Medicare fee schedule

As has been the case for the past several years, Medicare’s formula for calculating changes in the official Medicare Fee Schedule has resulted in a recommendation to Congress that there be an across-the-board decrease of 26.5 percent for 2013.

The Centers for Medicare & Medicaid Services (CMS), members of Congress and health care providers’ organizations have attempted to revise the flawed formula with no success.

Those annual failures leave Congress to decide whether to permit the huge decreases set to go into effect Jan. 1 or to adjust the numbers to produce no change, smaller decreases or small increases. This process usually uses most of the month of December, and some years the final fee schedule is not established until mid- to late-January.

Medicare deductible

Medicare’s annual deductible for beneficiaries will increase by $7 for 2013, rising from $140 in 2012, to $147.

Medicare’s EHR Incentive Program

Approximately 3,000 optometrists have qualified for and have received cash bonuses from the CMS for implementing and utilizing electronic health records in their offices and by attesting to ‘meaningful use’ of the electronic record program.

The total of the bonuses paid to optometrists passed $44 million in early August 2012.

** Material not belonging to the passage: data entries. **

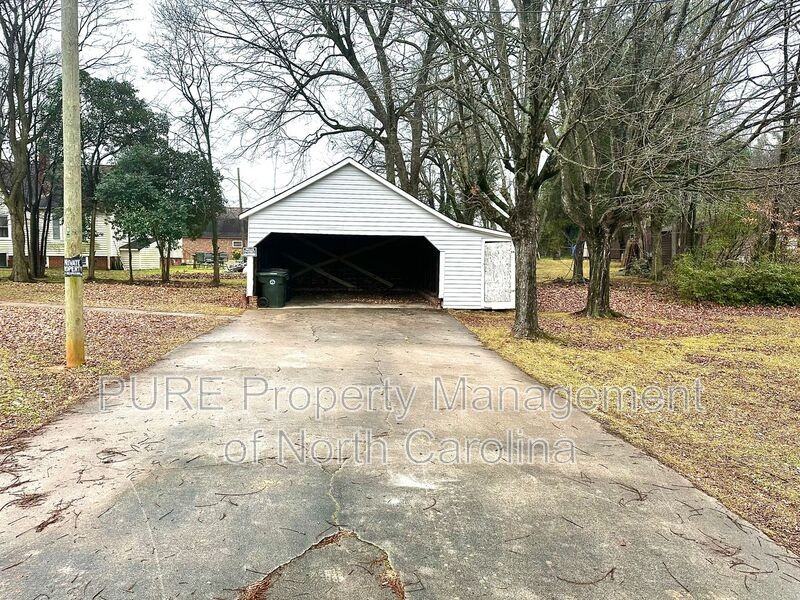 1402 S Main St - Photo 5 of 7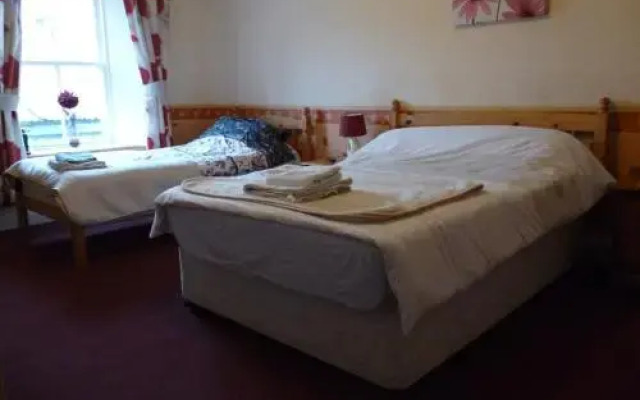 Aberdeen Arms Hotel Tarland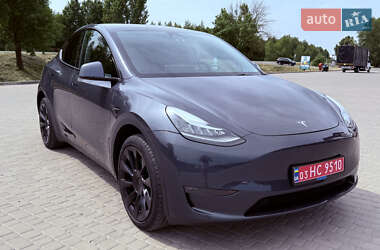 Внедорожник / Кроссовер Tesla Model Y 2022 в 
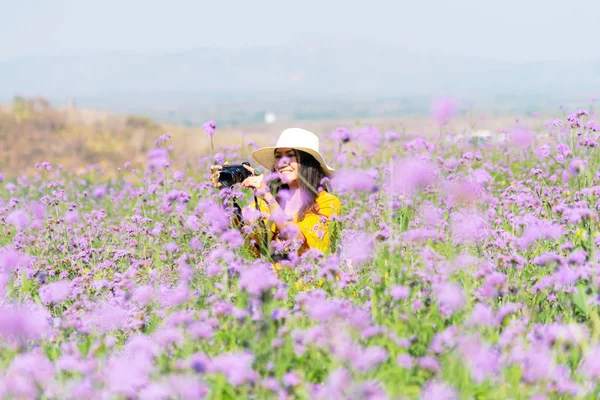 Voyageur Tourisme Les Femmes Asiatiques Debout Tenant Appareil Photo Prennent — Photo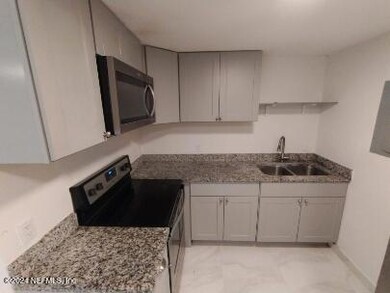 1530 Ryar Rd unit 3, Jacksonville, FL 32216 - photo 5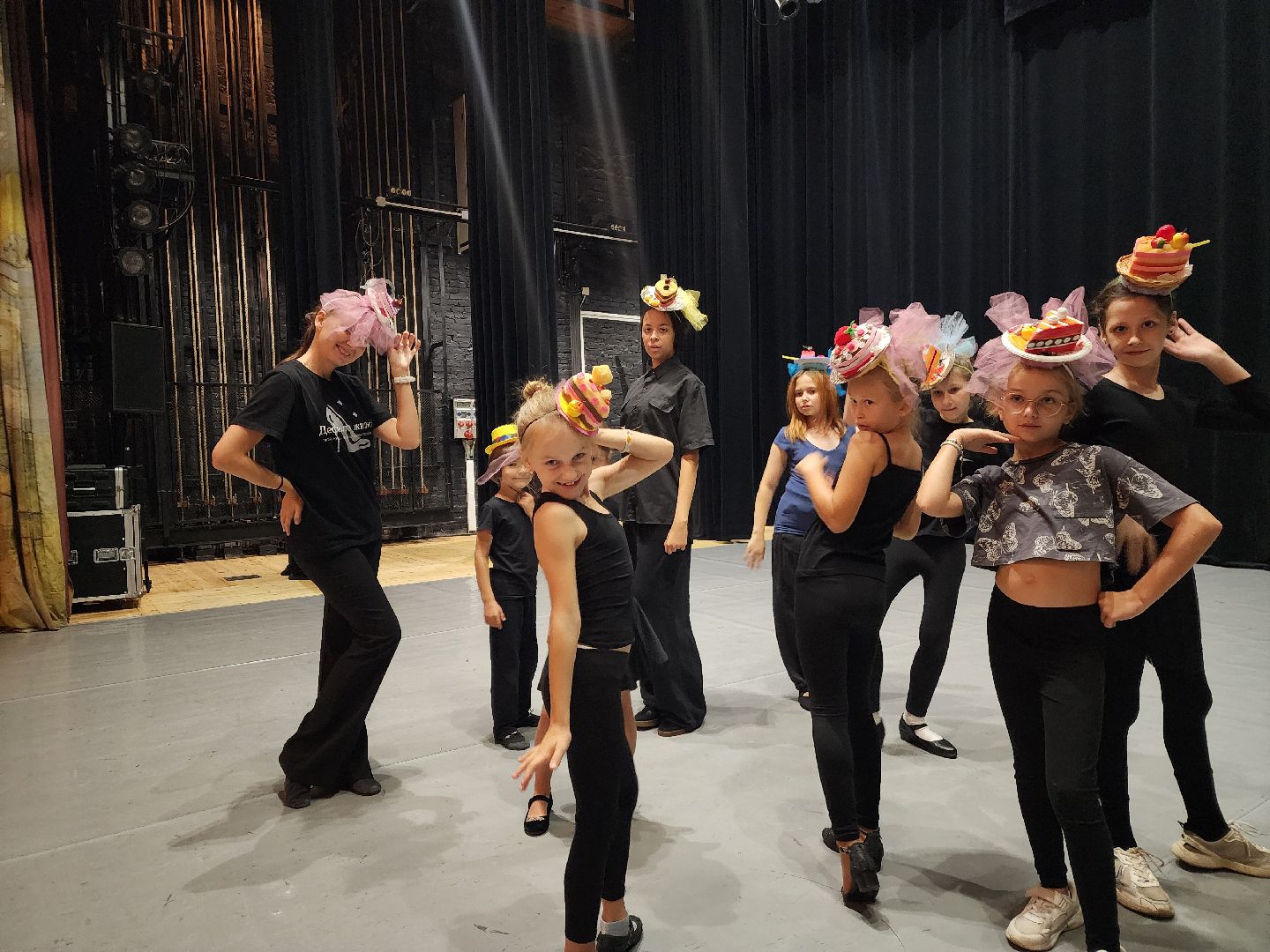 Подольск , Театр моды, Театр моды эксклюзив, дк октябрь,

Physicians who begin using electronic records after 2014 will not be eligible for the bonuses, unless the CMS decides to extend the program beyond that date.

Few changes in CPT or ICD-9 for 2013

International Classification of Diseases, 9th Revision, will be replaced by ICD-10 on Oct. 1, 2014. ICD-9 is essentially “frozen” and no new codes will be added in 2013 or 2014.

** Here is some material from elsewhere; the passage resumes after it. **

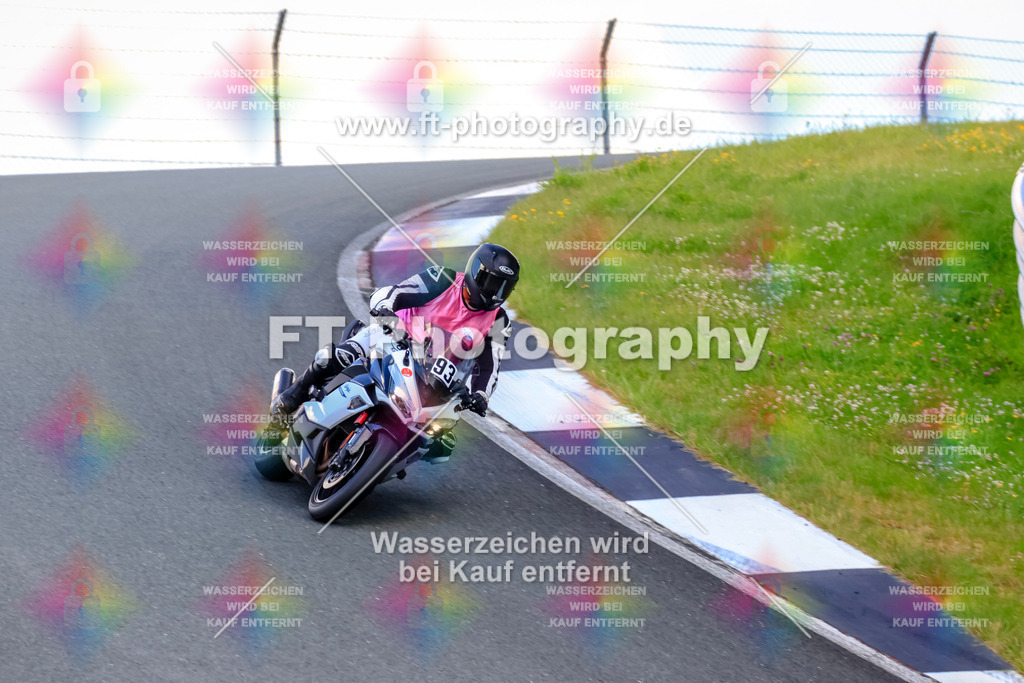 _TCM4395 | Hier findet Ihr Bilder von Touristenfahrten auf der Nürburgring Nordschleife oder von anderen Veranstaltungen die ich besucht habe. Viel Spass beim Durch Schauen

There are quite a few changes in CPT for 2013, though the only changes directly impacting eye care are additions or slight changes in the language of the definitions for several existing codes.

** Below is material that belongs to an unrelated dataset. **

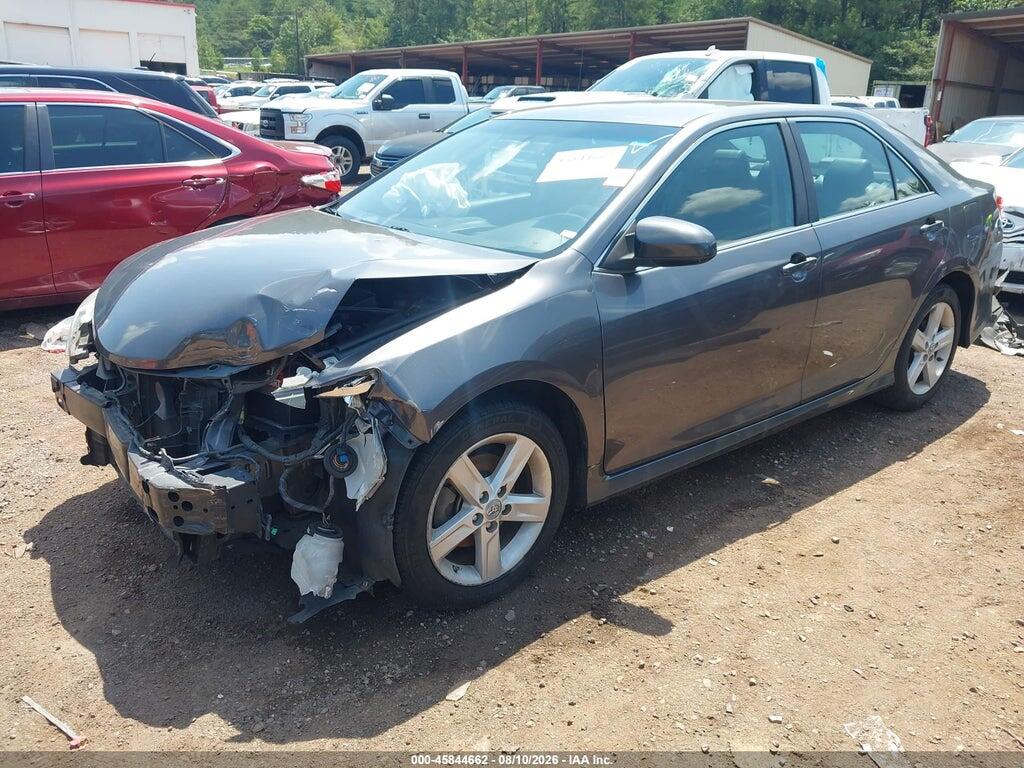 4T1BF1FK0EU439782 2014 TOYOTA CAMRY photo no. 2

The only new CPT code related to eye care for 2013 is “65800, Paracentesis of anterior chamber of eye (separate procedure); with removal of aqueous,” replacing code 65805.

Forewarned = forearmed

The experience of other physicians in audits by Medicare and other insurers may provide your motivation to follow several key steps to create and sustain your practice’s medical records compliance. They include:

  • Purchase the AMA Current Procedural Terminology each year (available as a package with Codes for Optometry from AOA Marketplace).
  • Purchase International Classification of Diseases, 9th Revision each year.
  • Conduct internal self-audits of each doctor’s charts periodically; for example five charts each three months; checking for the quality of the record-keeping. This includes a clear reason for visit, legible record of elements of case history, physical examination, and medical decision-making, record of all diagnoses and management options that are related to the visit. Each record must include orders for any additional testing that is done or recommended, referrals, etc., as well as interpretations and reports of all special ophthalmological services performed during each visit, and appropriate initials, dates, and signatures throughout each chart.
  • Develop in-office protocols to be sure that all patient care is based upon each patient’s needs and that all records are clear, thorough and legible, and that all claims are completed using codes chosen based upon clear knowledge of CPT and ICD-9 definitions and standards.

2013 promises to be a very active year with respect to Medicare and other insurers’ audits of health care providers, including optometrists.

Now is the time to conduct meetings of doctors and staff in your office to be sure that you will do well in the event that your office attracts scrutiny.

It is not difficult to keep good medical records and code correctly, once your office has created and has become devoted to medical record compliance.